----- Task data

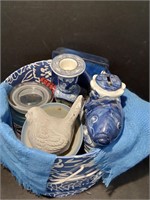 Blue and White Hat Box Lot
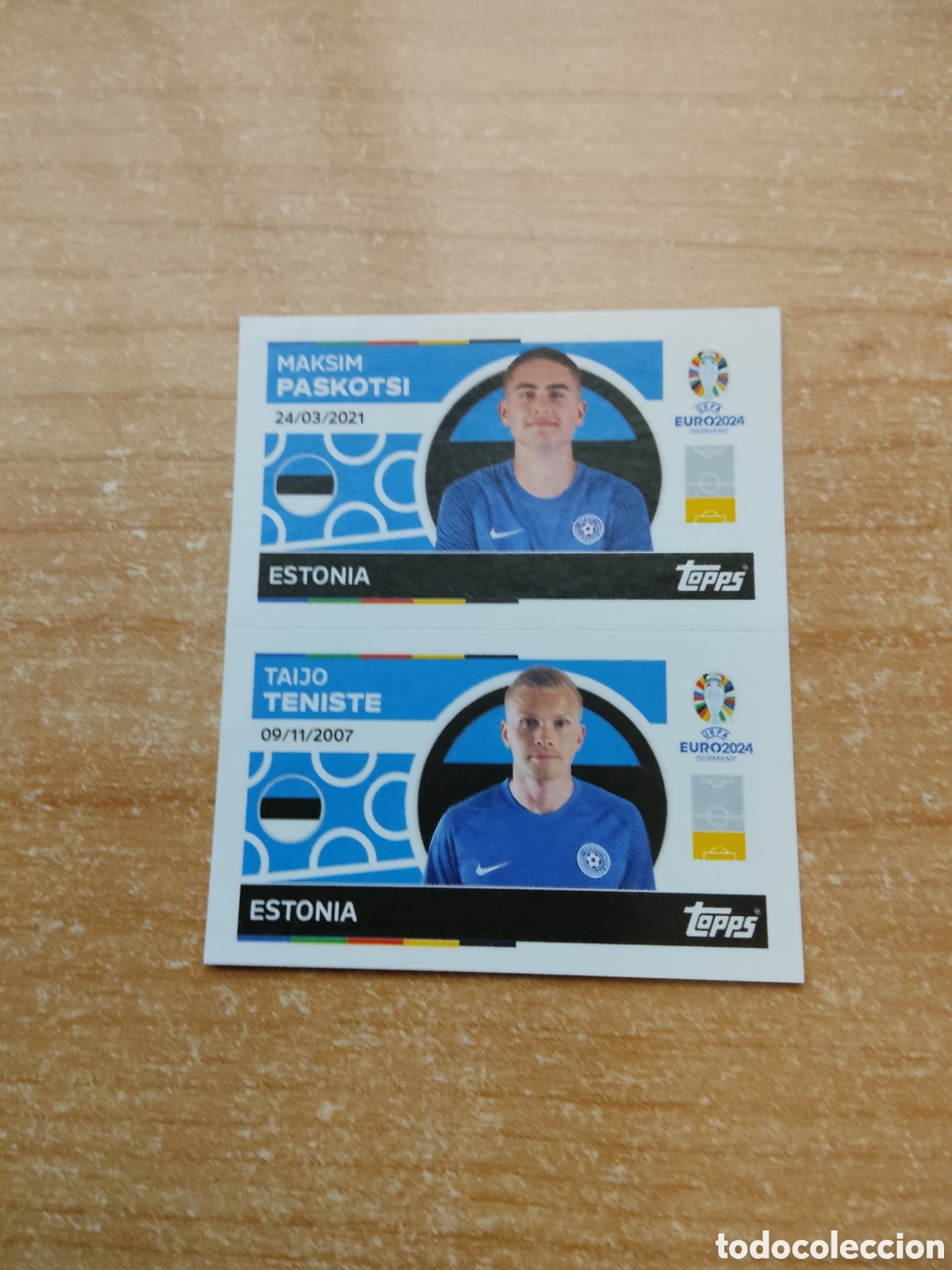 Cromos de f&uacute;tbol: 8 y 9 PASKOTSI Y TENISTE ESTONIA EURO 2024 TOPPS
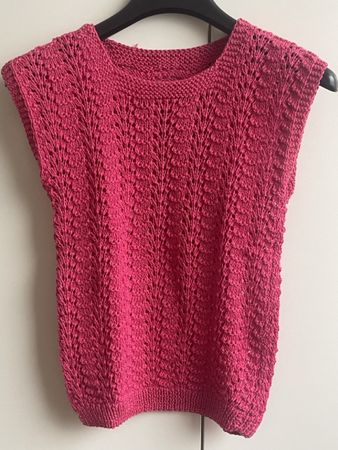 Top d'été rose fuchsia en maille ajourée - Taille XS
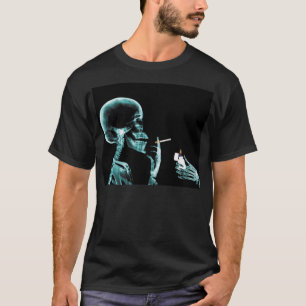 eine Zigarette anzünden Röntgen Skelett T-Shirt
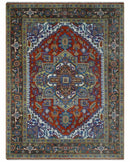 Traditional Rust, Ivory, Beige and Charcoal 9x12 Hand knotted Wool Area Rug, Living Room and Bedroom Rug by The Rug Decor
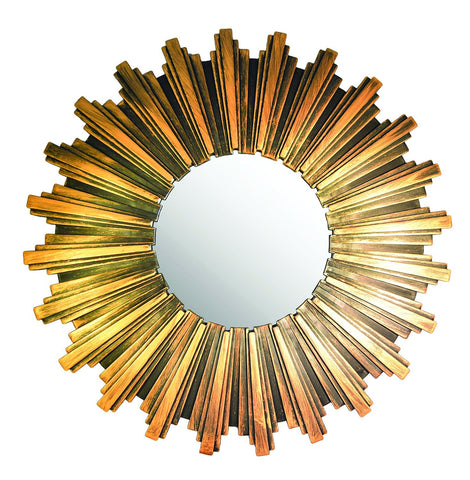 Antiqued Bronze Sunburst Wall Mirror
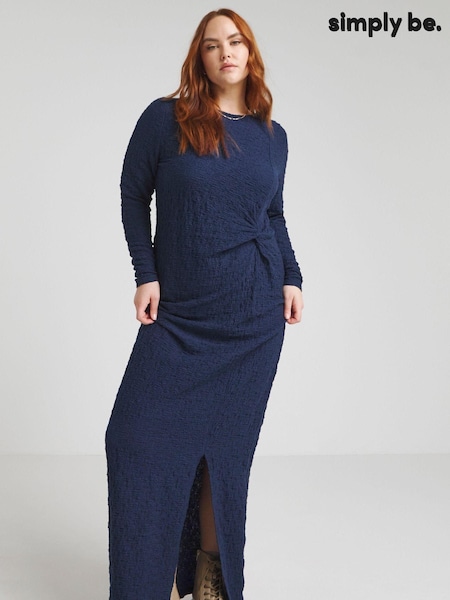 Simply Be Navy Blue Textured Midi Dress (B61464) | 48 QAR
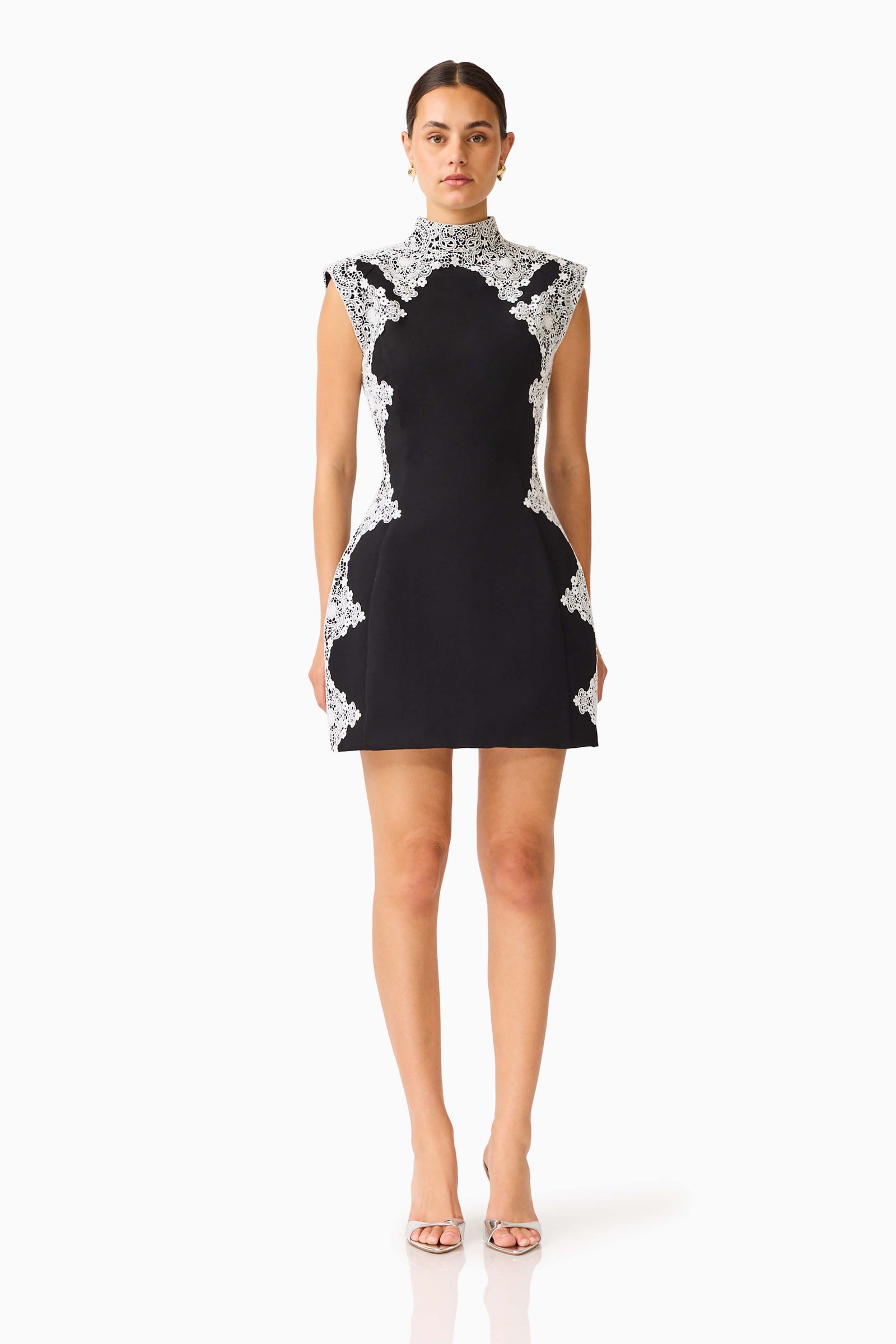Elysia Lace Mini Dress in Black – Elliatt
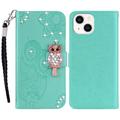 Etui iPhone 15 Hibou Strass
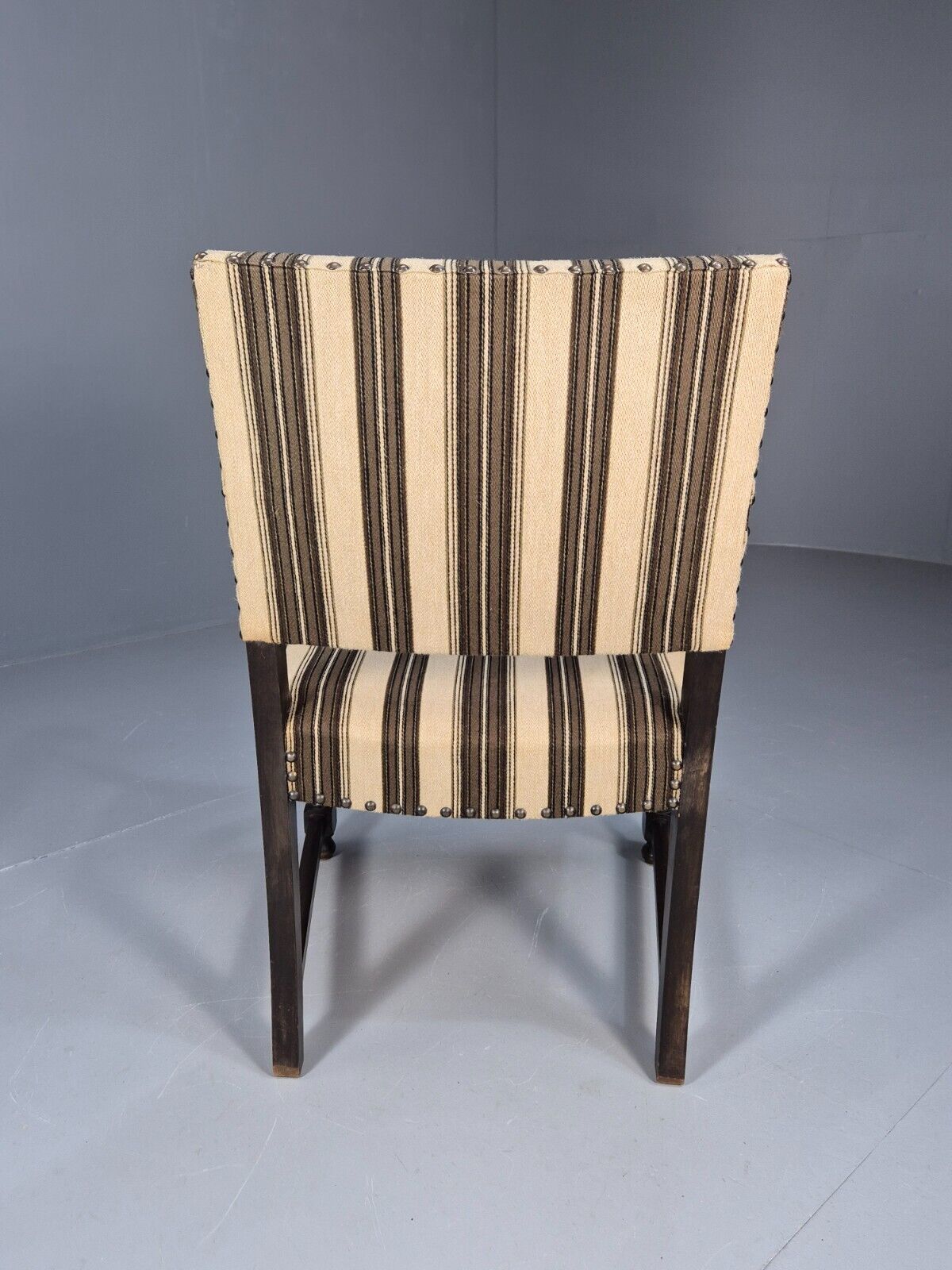 Vintage Danish Baroque Style Elbow Chair Striped Wool Upholstery EB9383 VCAR - UKDK FURNITURE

----------

What is expected: Your copy should hold only the lines from the line with "Cromos de f&uacute;tbol: 8" through the end of the data above, both ends included, transcribed exactly and without pictures.

Result below:
 Cromos de f&uacute;tbol: 8 y 9 PASKOTSI Y TENISTE ESTONIA EURO 2024 TOPPS
 Top d'été rose fuchsia en maille ajourée - Taille XS
 eine Zigarette anzünden Röntgen Skelett T-Shirt
 Traditional Rust, Ivory, Beige and Charcoal 9x12 Hand knotted Wool Area Rug, Living Room and Bedroom Rug by The Rug Decor
 Antiqued Bronze Sunburst Wall Mirror
 Simply Be Navy Blue Textured Midi Dress (B61464) | 48 QAR
Elysia Lace Mini Dress in Black – Elliatt
 Etui iPhone 15 Hibou Strass
 Vintage Danish Baroque Style Elbow Chair Striped Wool Upholstery EB9383 VCAR - UKDK FURNITURE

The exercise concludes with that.